Two decades. It feels strange to even write that.

I remember the light more than anything, the way it faded slowly over the Cantabrian Sea, the sound carrying differently in the open air, and that unmistakable sense that you weren’t just at a concert, you were witnessing something slightly out of reach, slightly unknowable. Even then, Dylan didn’t perform in a way that tried to meet the moment. He never really has.

Today, I finally got around to watching A Complete Unknown, with Timothée Chalamet stepping into Dylan’s early years. It’s a film about becoming, about resisting definition, about the quiet stubbornness required to not be shaped by the expectations of others. And watching it brought me straight back to that night in 2006.

Because if there’s one thread that connects that concert, the film, and everything Dylan has done across his career, it’s this: he refuses to be put in a box.

The 2006 ‘Concert for Peace’ in San Sebastián came at a delicate moment, following an ETA ceasefire. The expectations were obvious. If there was ever a night for ‘Blowin’ in the Wind,’ this was it. A ready-made anthem, a collective release, a moment people could hold onto.

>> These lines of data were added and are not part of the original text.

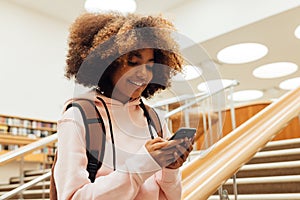 Smiling girl typing on smartphone while leaning rail in a library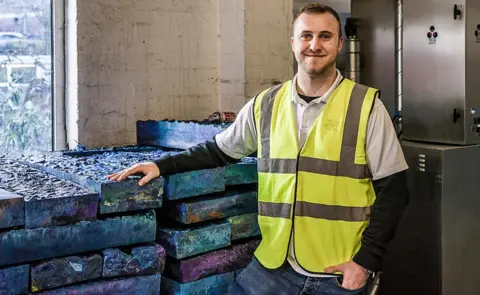 Thermal Compaction Group A Thermal Compaction Group worker standing in front of its blocks of recycled plastic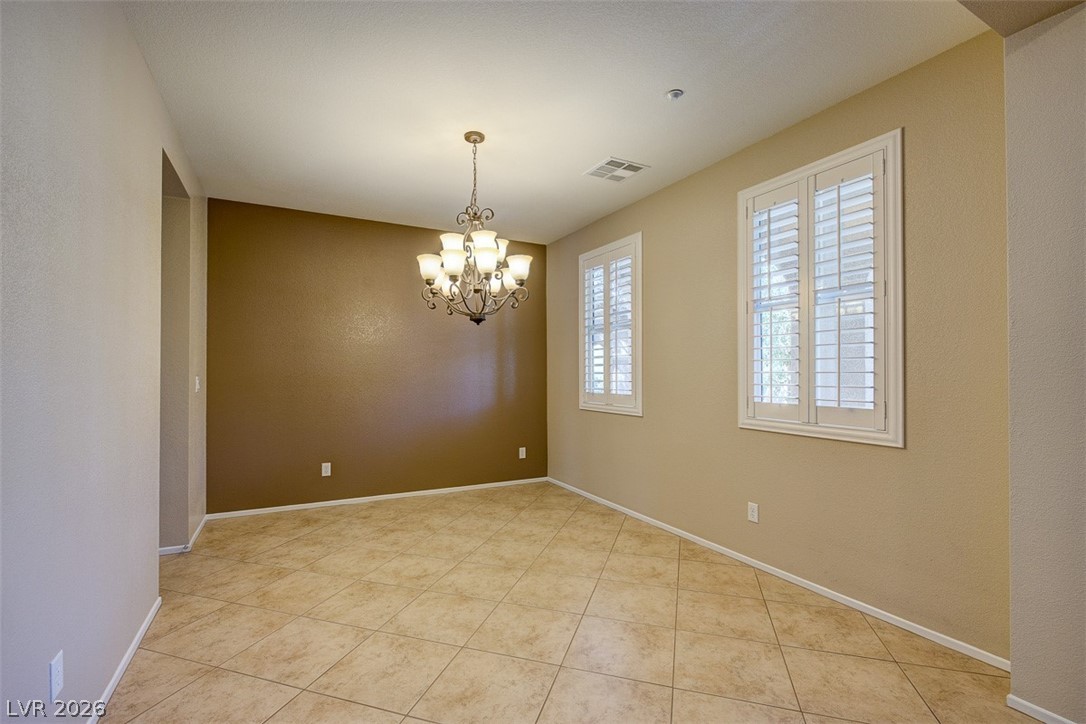 3199 Subtle Color Avenue Henderson, NV 89044 - Photo 6 of 46 Unfurnished room featuring suspended lighting and light tile patterned floors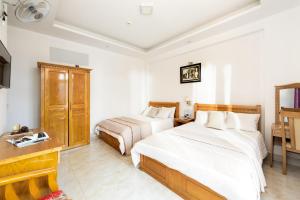 Voodi või voodid majutusasutuse AM Memory Central Hotel 2 toas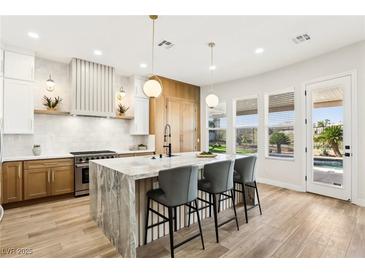 Modern kitchen with a marble island, stainless steel appliances, and an open view to the backyard pool at 1343 Panini Dr, Henderson, NV 89052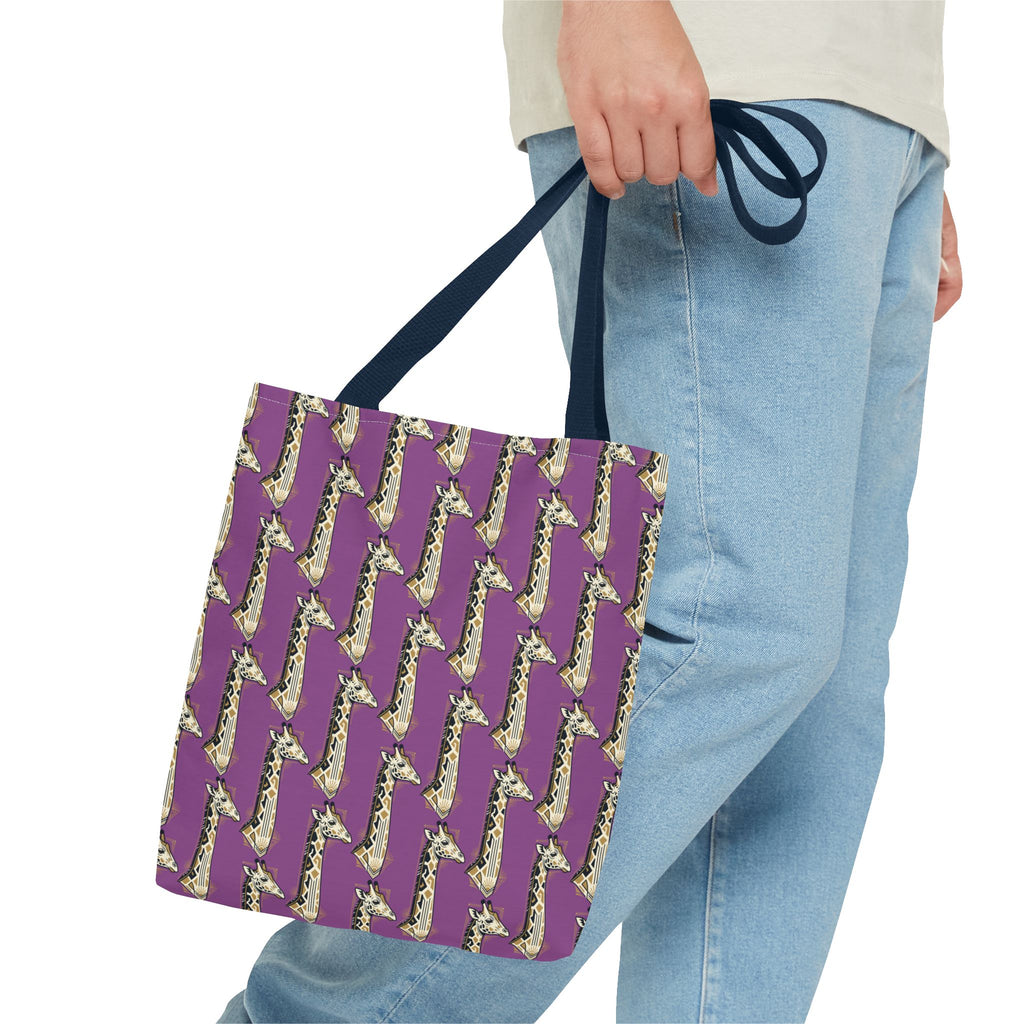Purple tote bag with saxophone pattern and navy handles, held by person.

And yet, he didn’t play it.

There was no official explanation, of course. There never is with Dylan. But in hindsight, the reasons feel entirely consistent with who he is.

First, he has never been interested in ‘playing to the occasion.’ The more people expect something from him, the less likely he is to deliver it. Dylan has spent a lifetime sidestepping labels, especially the ‘protest singer’ one that followed him from the early 60s. When an event leans too heavily on a theme, particularly a political one, he instinctively pulls away from it.

Second, there was a deliberate stripping back of context. His team had reportedly asked for no political manifestos or speeches during his set. No framing, no messaging, no attempt to turn the concert into something larger than the music itself. By leaving out ‘Blowin’ in the Wind,’ he removed the emotional shorthand that might have turned the evening into a symbolic rally.

It’s easy to see that as contrarian. But I don’t think that’s quite right.

It feels more like discipline.

Dylan’s independence isn’t loud or performative, it’s deeply ingrained. Whenever the world tries to define him, he moves. Folk hero becomes electric rebel. Protest voice becomes poet of something harder to name. Even now, decades on, he still reshapes his songs night by night, as if refusing to let even his own past become a cage.

That’s what I’ve come to admire most.

Not just the music, but the refusal to stand still inside it.

Standing on that beach twenty years ago, I didn’t have the language for it. Watching Chalamet’s portrayal today, it clicked in a different way. The through-line isn’t any single song, not even ‘Blowin’ in the Wind.’ It’s the instinct to stay just out of reach of expectation.

To not give people exactly what they came for, because giving them something else might be more honest.

And maybe that’s why that night has stayed with me all this time.

Not because of what he played.

But because of what he chose not to.